Why only empathy gets fatigued,
and why Compassion Meditation
Though we may not realise it, we are inherently designed for connection – both physically and emotionally. Within the emerging field of interpersonal neurobiology, and certainly within the more recent works of renowned authors and advocates of well-being such as Matthieu Riccard, Richard Davidson, Bonnie Badenoch, Brene Brown, and Dan Siegel- just to name a few, there is an array of definitions and descriptions of what empathy and compassion are. Yet, though there may be this variance, there seems to be three fundamental consistencies that evidence-informed research supports:
- Empathy is a foundational skill to compassion, yet without self-to-other differentiation empathy can, and will, lead to exhaustion, burnout, or distress.
- Compassion instigates positive affect and action while placing boundaries on physical and emotional resonance.
- Learning to train the brain during compassion meditation, allows us to identify the self from others, and through this differentiation we create an integrated sense of altruistic love that is infinitely available.
So, what is empathy?
Simplistically put, empathy is our ability to attune to another. It is the ability to see someone’s suffering, whether physical or emotional, and to see what another sees or to feel what another feels – as Siegel states:
Empathy is the capacity to make a ‘mindsight map’ of you. It is how we take on others’ perspectives to see through their eyes, to sense another’s emotion, to resonate with them, and to consider the other’s point of view may have a validity of its own – even if it differs from our own point of view.
This resonance however, as Tina Singer (2011) and Matthieu Riccard (2015) highlight, has a dark side. When we resonate with another, specifically here another in pain, we are essentially creating a shared representation of suffering; this activates the same neural structures as those that indicate our own direct experience of pain.

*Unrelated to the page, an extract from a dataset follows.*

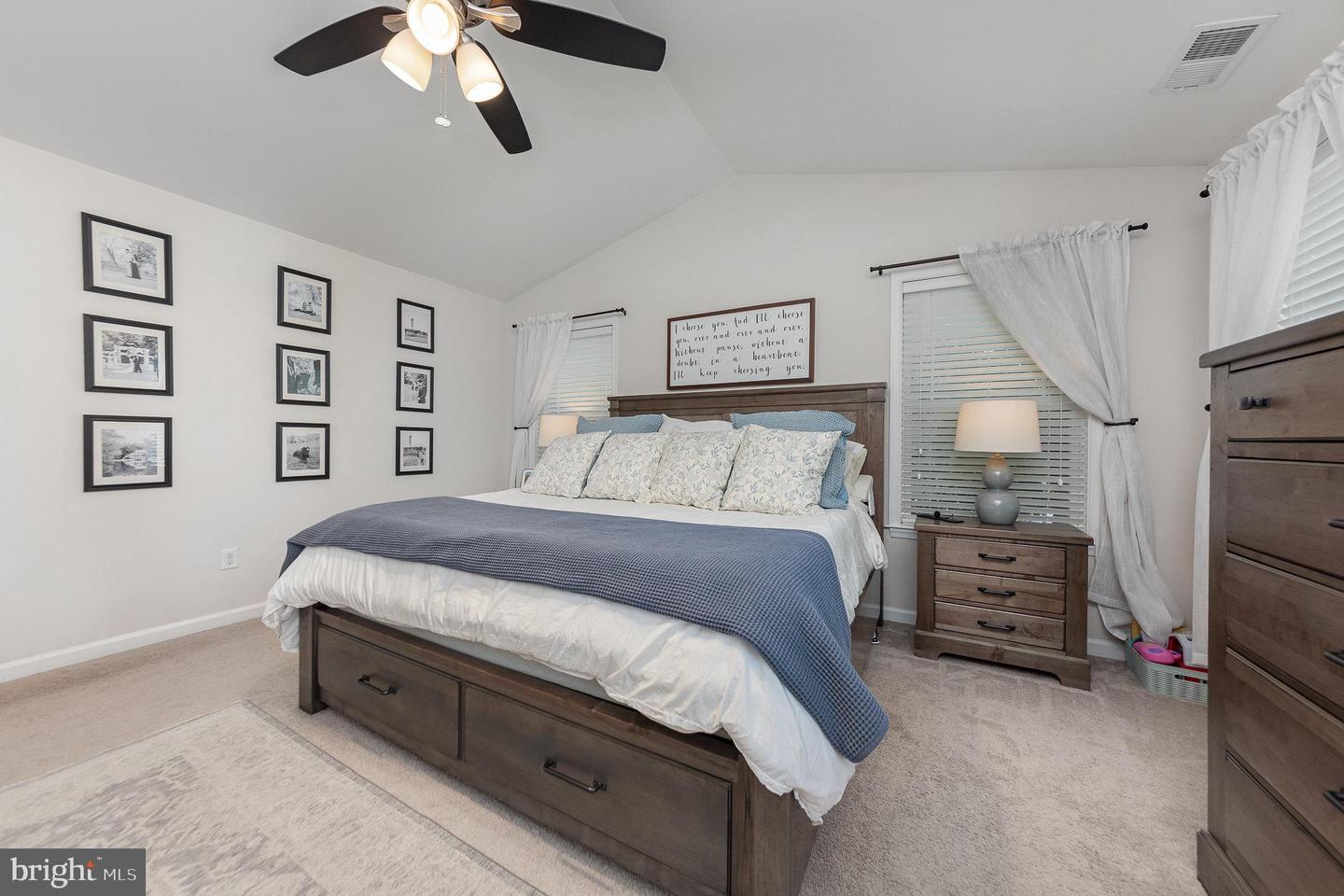 5909 CAMBRIDGE DR, FREDERICKSBURG, Virginia 22407, 4 Bedrooms Bedrooms, ,3 BathroomsBathrooms,Residential,For sale,5909 CAMBRIDGE DR,VASP2034026 MLS # VASP2034026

To be more precise, the anterior insula and the medial/anterior cingulate cortex are strongly activated during an empathetic reaction to pain. This same activation is linked to observable manifestations of subjective experiences, particularly here negative feedback loops of somatosensory and affective pain. This means that when we empathise with other we are literally “feeling” into their pain – whether physical or emotional.
Now, how and why is compassion different?
While the research on the precise distinction between empathy and compassion is limited, from what is understood we know that, rather than activating a shared representation of pain, compassion activates a shared representation of nurture and nourishment – an experience of supportive care and sustenance. And again, to be more precise, it is the left medial prefrontal cortex and the anterior cingulate gyrus (the gyrus is a part of the cingulate cortex) that have been shown to be active during a compassion meditation (2010). These are the areas of the brain that are most active when we intentionally instigate self-assured feelings of affiliation and connectedness through memory, quite often these are instigated from positive maternal memories of safety and attuned love.
Thus, while there is a definite overlap in the active areas of the brain in empathy and compassion, the area associated with interoception (the insula) is not as highly active during compassionate meditation. Meaning, during compassion meditation the brain has the ability to switch from a direct awareness of the self and internal bodily sensations, to an emmanating positive somatosensory and affective awareness of others and that promotes connection.
Compassion is feeling for someone; empathy is feeling as someone.
Compassionate Mind, 2019
It is only through differentiation, the ability to consciously and intentionally move in and out of our own and others suffering, that an integrated sense of altruistic love becomes infinitely available. Where we see suffering around us, where we hear of the pains of the world, there is an innate characteristic to feel “as”. And this somatosensory and affective “as”, this feeling that we are in another’s suffering can, if not meet with great understanding, lead us to levels of apprehension, agitation, distress, discombobulation, and discomfort that engulfs us; which in turn leads us to become discouraged, avoidant, and even desensitised to suffering. Yet, when altruistic love encounters suffering, when we meet another with nurture and nourishment – offering another supportive care through basic universal human needs and values – suffering manifests into compassion. This is what it means to feel “for”. This manifestation is what it means to identify the self from others, and through differentiation to create an integrated sense of altruistic love that is infinitely available.
When we repeatedly practice in loving kindness meditation – when we learn to first face our own suffering with non-judgmental courage, curiosity, integrity, dignity, self-assured empowerment and purpose, our bodies and our minds are opened up in compassionate connection. We begin to find the clarity we need within us to feel benevolence towards all others in all situations: a level of limitless kindness that is extended to all beings perpetuating well-being universally.
With compassion, we are “like a sun shining that illuminates without distinction all in its path.”